◆ What the task requires
Look below for the line that has "SIME 2024, Roma 10/12 maggio - EIDON salus"; output exactly from it through the line that has "Hansgrohe DesignFlex Textile", and leave the pictures out.

◆ Extracted entries
■ ■ ■ ■ ■ ■ ■
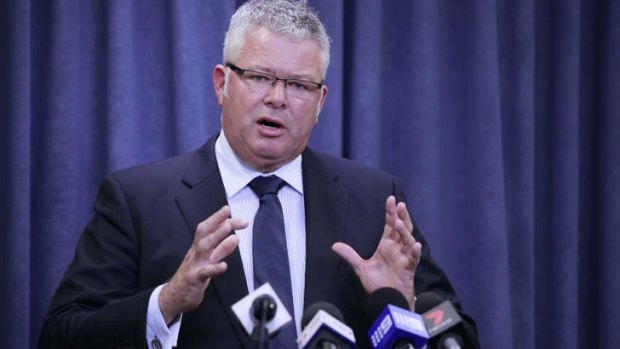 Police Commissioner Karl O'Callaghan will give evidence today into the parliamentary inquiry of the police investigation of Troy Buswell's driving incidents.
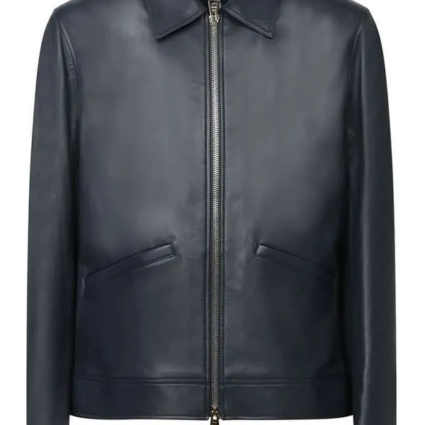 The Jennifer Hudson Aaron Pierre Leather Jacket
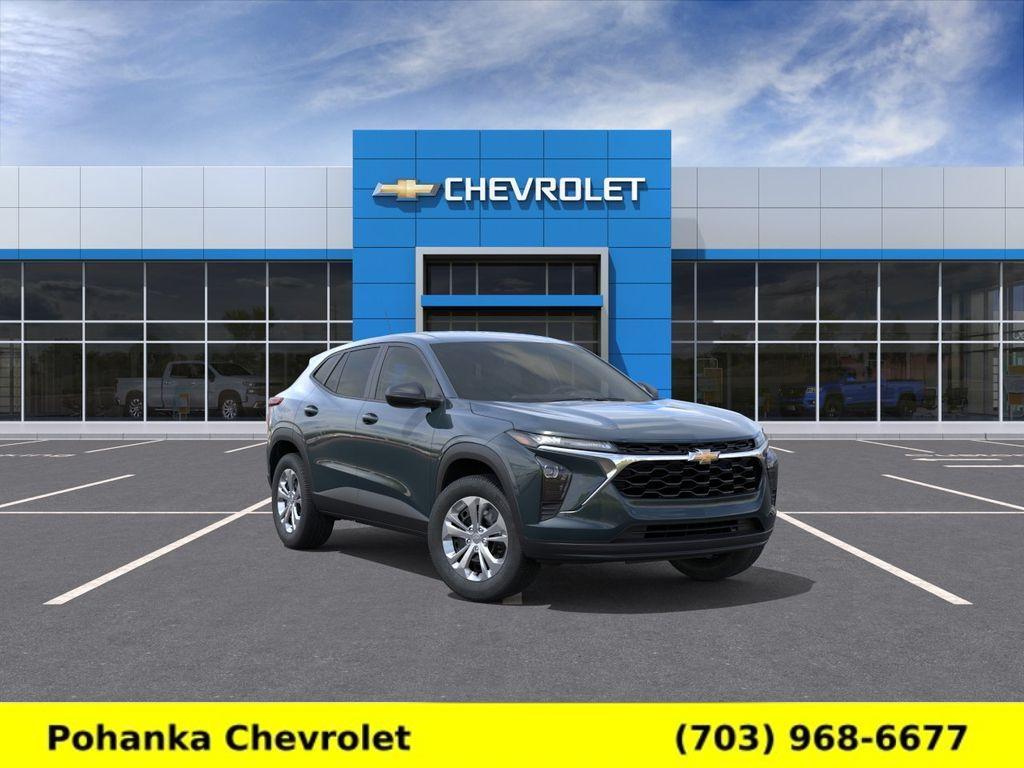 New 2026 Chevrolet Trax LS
■ ■ ■ ■ ■ ■ ■
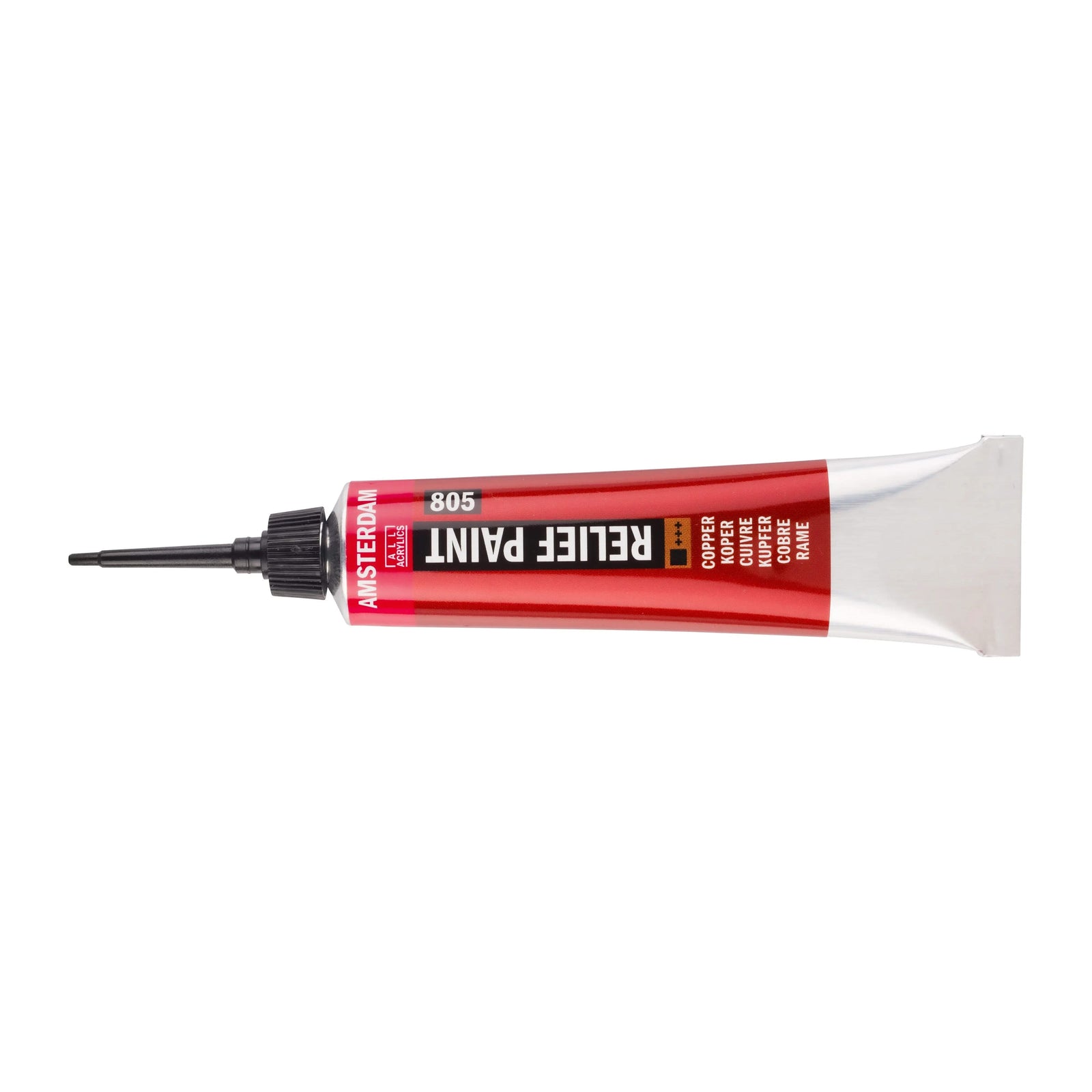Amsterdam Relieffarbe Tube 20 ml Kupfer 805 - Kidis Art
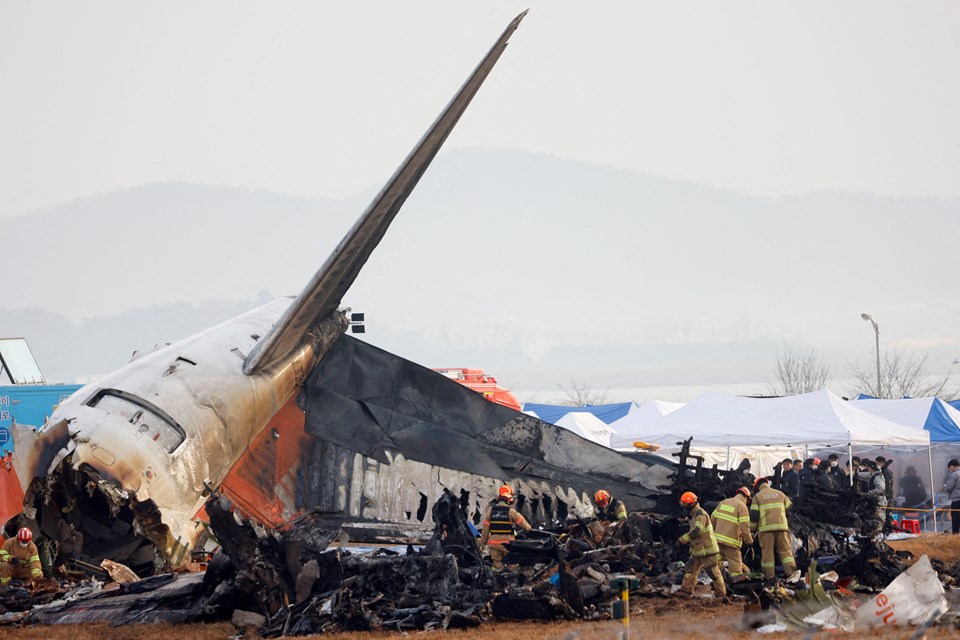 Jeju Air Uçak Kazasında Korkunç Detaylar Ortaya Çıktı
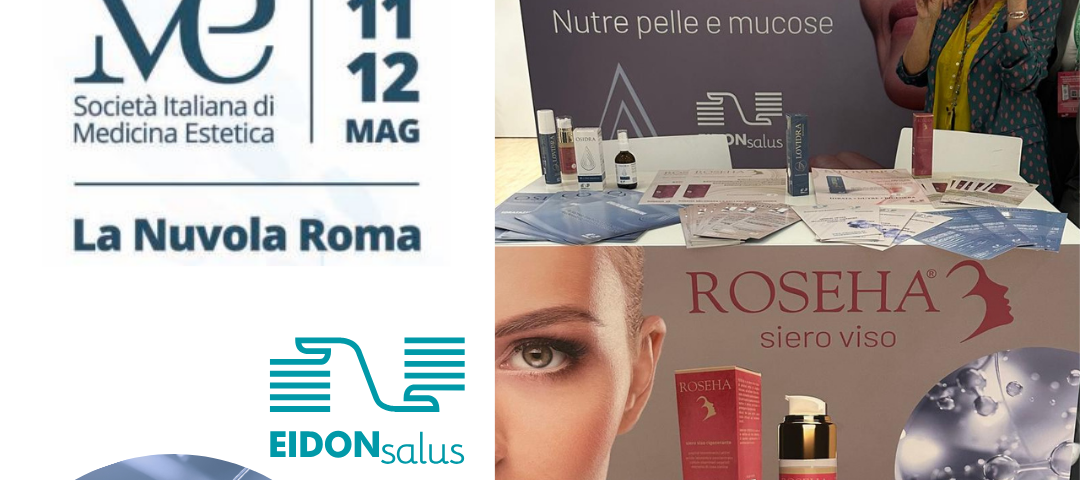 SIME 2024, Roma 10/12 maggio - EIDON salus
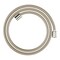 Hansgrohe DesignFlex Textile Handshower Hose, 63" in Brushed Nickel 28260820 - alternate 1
■ ■ ■ ■ ■ ■ ■
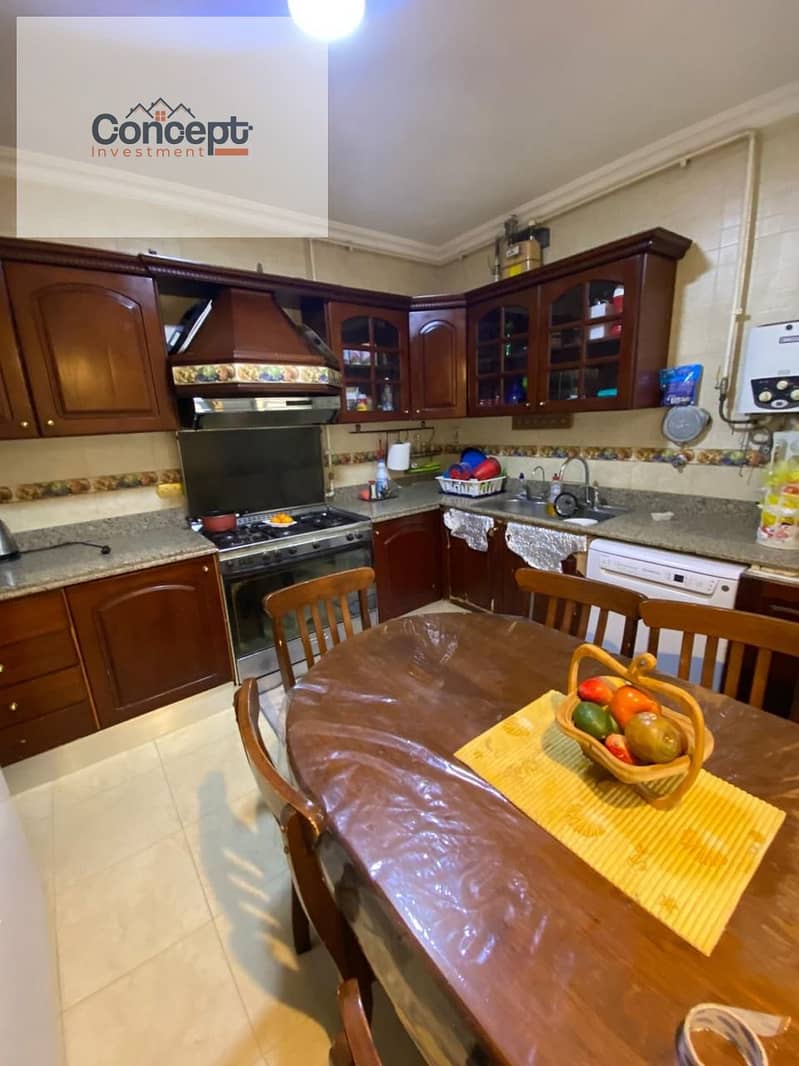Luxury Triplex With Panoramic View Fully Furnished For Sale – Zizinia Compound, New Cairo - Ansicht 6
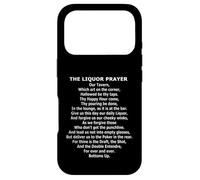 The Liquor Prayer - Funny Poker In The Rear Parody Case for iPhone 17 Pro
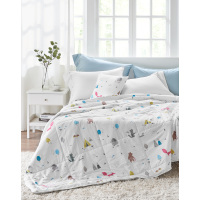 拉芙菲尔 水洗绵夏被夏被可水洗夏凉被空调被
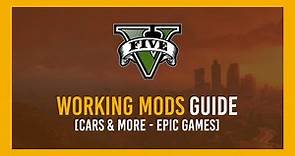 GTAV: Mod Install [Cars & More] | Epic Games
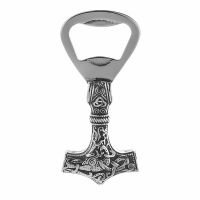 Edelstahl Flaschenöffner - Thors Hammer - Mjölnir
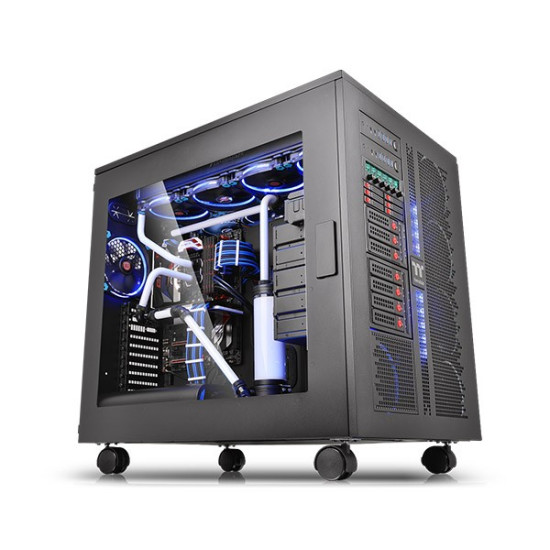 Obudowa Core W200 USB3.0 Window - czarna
■ ■ ■ ■ ■ ■ ■
◆ The completed task
 SIME 2024, Roma 10/12 maggio - EIDON salus
 Hansgrohe DesignFlex Textile Handshower Hose, 63" in Brushed Nickel 28260820 - alternate 1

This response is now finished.